3. Bar Italia (Track 12)
Whenever I’ve been asked about my favorite final track of any album, ever, this is my go-to. It has such a pleasant air to it without being too airy or vacuous. It’s basically about the horrid circumstances of a hedonistic lifestyle, and that no matter how close to the bottom we come, things are going to be alright. Considering how that’s the note that Pulp leaves you with to end the record, Different Class leaves you smiling unlike anything to come out of Britain in this era, even Supergrass’ early stuff. And Supergrass’ early stuff makes me incredibly happy, no lie.
2. Disco 2000 (Track 5)
This is probably the best pop single that Jarvis has ever written. Two star-crossed lovers, dealing with the reality that they aren’t meant for each other after all of these years, face some facts. That’s the sense I get from this song. That line toward the end “you can even bring your baby” gives you that piece of mind.
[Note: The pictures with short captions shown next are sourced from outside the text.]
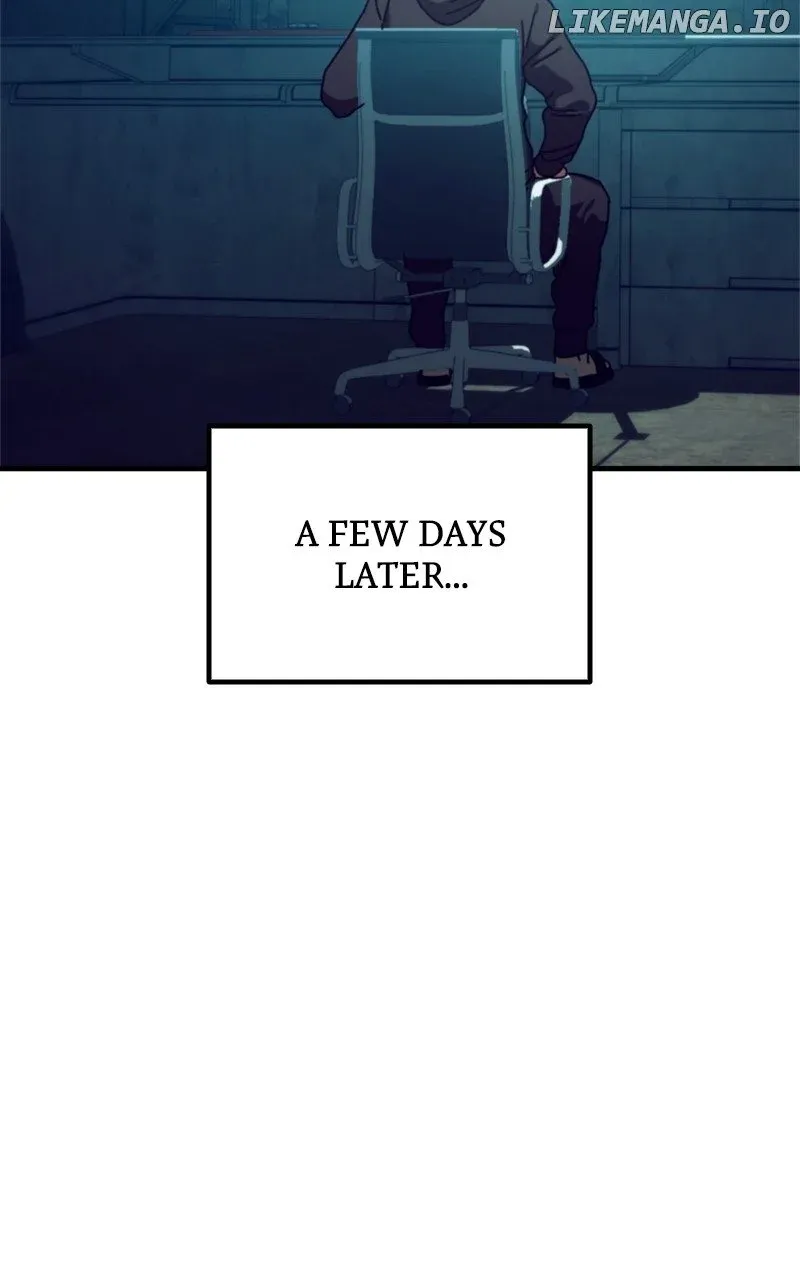 Hiding Out in an Apocalypse Chapter 50 page 117 - 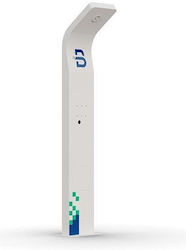 Eurolamp 165-50215 Стойка За Стенен Монтаж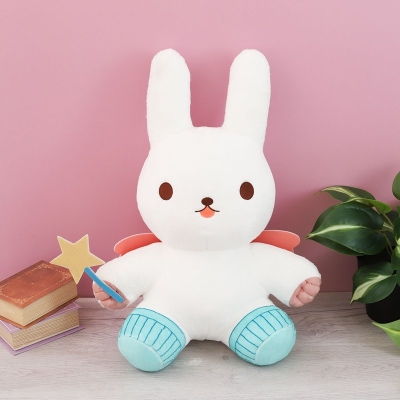 【グッズ-ぬいぐるみ】世界一初恋 ぬいぐるみ「ティンクル」【アニメイト限定】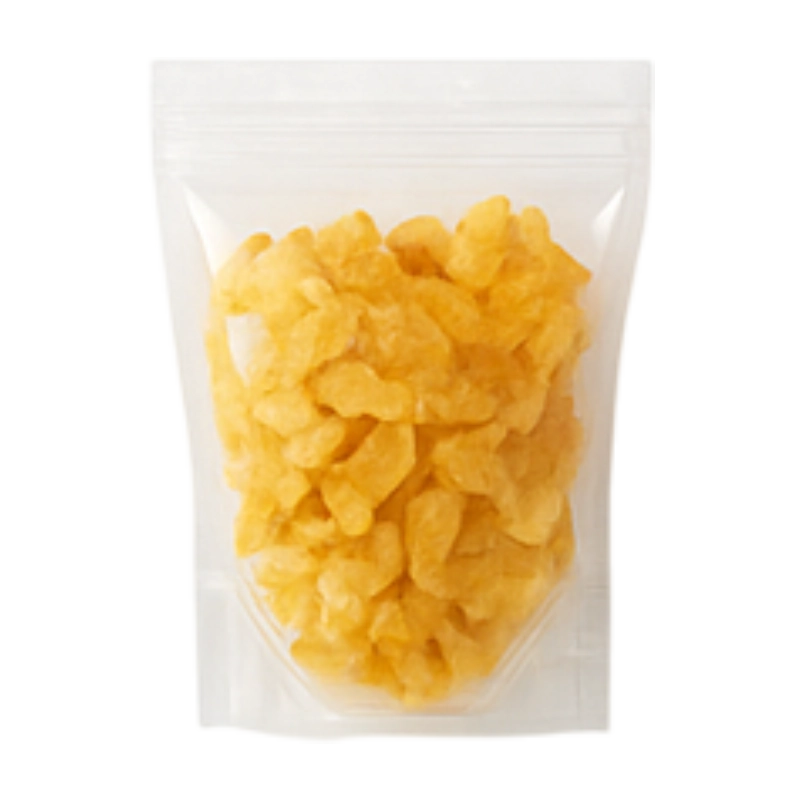 สับปะรดกวน / สับปะรดอบแห้ง (Pineapple Jam / Dried Pineapple)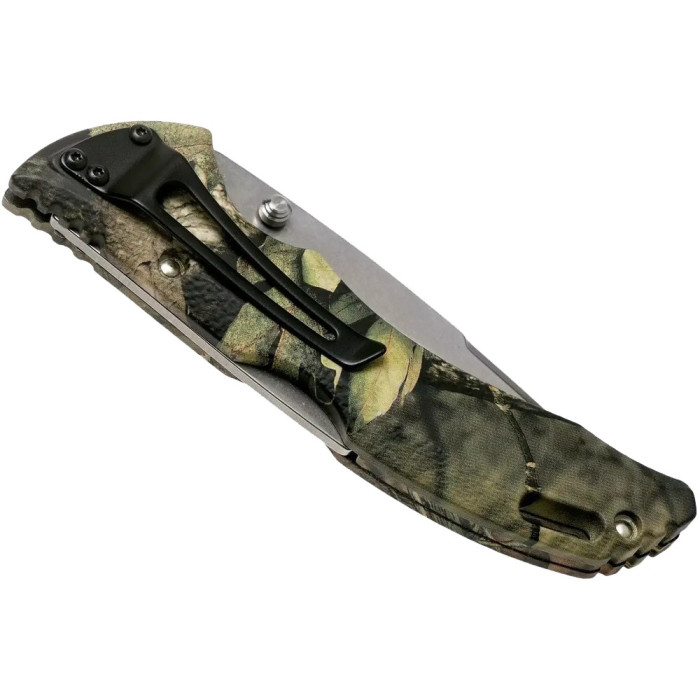 Нож Buck Bantam BHW Mossy Oak Break-up Country Camo  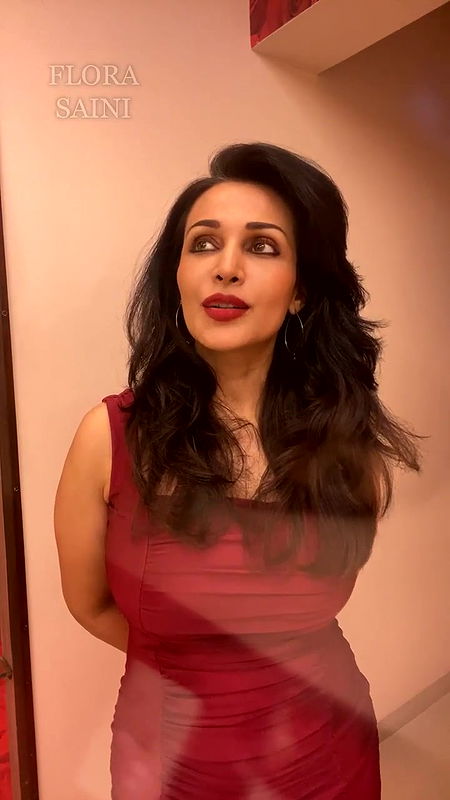 720p 15 june live flora saini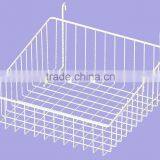 Grid Wall Wire Basket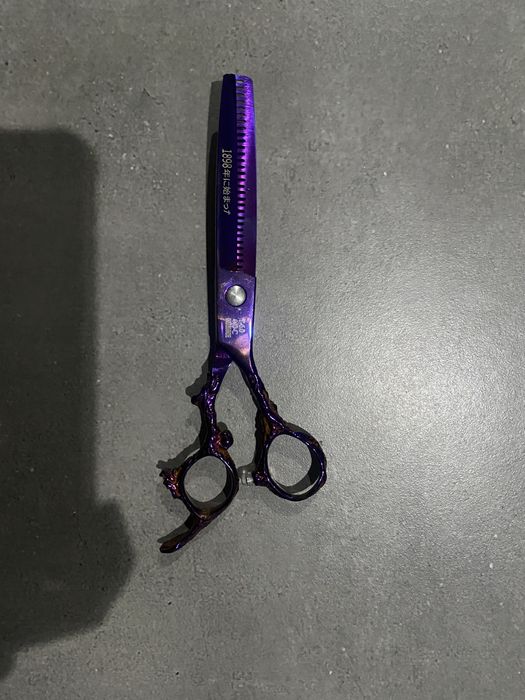 Degażówki fryzjerskie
All I know is that musically it rocks and moves you more than pretty much anything on here other than…
1. Underwear (Track 10)
Lyrically subversive, like most of Jarvis’ writing style, but musically a grand slam. I can’t really put my finger on what I like so much about this song, and why whenever I hear the opening chords and march of “Mis-Shapes,” I’m looking forward to hearing “Underwear.” Even just the title of the song has a certain campy value to it, but the words and exceptionally produced music here are all business. I think that this song, kind of like “Pencil Skirt” sounds exactly like a beautifully directed film noir scene looks. Does that make sense? Maybe a little?
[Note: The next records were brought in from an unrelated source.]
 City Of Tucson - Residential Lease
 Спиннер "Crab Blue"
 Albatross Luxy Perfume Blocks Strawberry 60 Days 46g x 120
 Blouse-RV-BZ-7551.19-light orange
If Jarvis Cocker somehow finds and reads this, I’m willing to accept the consequences for butchering the meaning of his lyrics on almost every song (probably). Is it disrespectful to Michael Jackson’s memory to put a giant post up praising the work of the one man who was ever willing to publicly knock MJ down a couple of pegs (other than Michael himself?) Nah. I just really like this record, like millions of others.